## Exercise directions
The entries should be written out again exactly as they read.

## Dataset excerpts
....
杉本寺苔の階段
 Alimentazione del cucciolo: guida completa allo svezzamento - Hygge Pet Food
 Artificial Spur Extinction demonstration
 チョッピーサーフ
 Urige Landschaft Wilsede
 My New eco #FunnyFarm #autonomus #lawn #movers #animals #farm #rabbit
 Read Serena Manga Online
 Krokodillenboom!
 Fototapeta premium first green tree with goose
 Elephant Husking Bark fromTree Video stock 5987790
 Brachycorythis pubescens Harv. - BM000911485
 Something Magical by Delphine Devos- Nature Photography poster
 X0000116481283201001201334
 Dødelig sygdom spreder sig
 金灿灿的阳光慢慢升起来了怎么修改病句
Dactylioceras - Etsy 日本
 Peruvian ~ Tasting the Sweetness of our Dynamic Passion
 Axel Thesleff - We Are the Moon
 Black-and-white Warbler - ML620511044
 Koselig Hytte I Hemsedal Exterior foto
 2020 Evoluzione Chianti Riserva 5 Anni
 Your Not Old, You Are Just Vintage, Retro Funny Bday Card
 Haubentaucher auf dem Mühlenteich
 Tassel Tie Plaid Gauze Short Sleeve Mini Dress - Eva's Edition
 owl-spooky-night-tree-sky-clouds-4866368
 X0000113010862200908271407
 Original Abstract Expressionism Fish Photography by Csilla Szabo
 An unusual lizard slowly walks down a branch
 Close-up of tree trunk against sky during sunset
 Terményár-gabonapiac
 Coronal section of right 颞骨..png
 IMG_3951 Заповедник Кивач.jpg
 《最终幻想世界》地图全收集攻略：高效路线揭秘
....
## Your solution
杉本寺苔の階段
 Alimentazione del cucciolo: guida completa allo svezzamento - Hygge Pet Food
 Artificial Spur Extinction demonstration
 チョッピーサーフ
 Urige Landschaft Wilsede
 My New eco #FunnyFarm #autonomus #lawn #movers #animals #farm #rabbit
 Read Serena Manga Online
 Krokodillenboom!
 Fototapeta premium first green tree with goose
 Elephant Husking Bark fromTree Video stock 5987790
 Brachycorythis pubescens Harv. - BM000911485
 Something Magical by Delphine Devos- Nature Photography poster
 X0000116481283201001201334
 Dødelig sygdom spreder sig
 金灿灿的阳光慢慢升起来了怎么修改病句
Dactylioceras - Etsy 日本
 Peruvian ~ Tasting the Sweetness of our Dynamic Passion
 Axel Thesleff - We Are the Moon
 Black-and-white Warbler - ML620511044
 Koselig Hytte I Hemsedal Exterior foto
 2020 Evoluzione Chianti Riserva 5 Anni
 Your Not Old, You Are Just Vintage, Retro Funny Bday Card
 Haubentaucher auf dem Mühlenteich
 Tassel Tie Plaid Gauze Short Sleeve Mini Dress - Eva's Edition
 owl-spooky-night-tree-sky-clouds-4866368
 X0000113010862200908271407
 Original Abstract Expressionism Fish Photography by Csilla Szabo
 An unusual lizard slowly walks down a branch
 Close-up of tree trunk against sky during sunset
 Terményár-gabonapiac
 Coronal section of right 颞骨..png
 IMG_3951 Заповедник Кивач.jpg
 《最终幻想世界》地图全收集攻略：高效路线揭秘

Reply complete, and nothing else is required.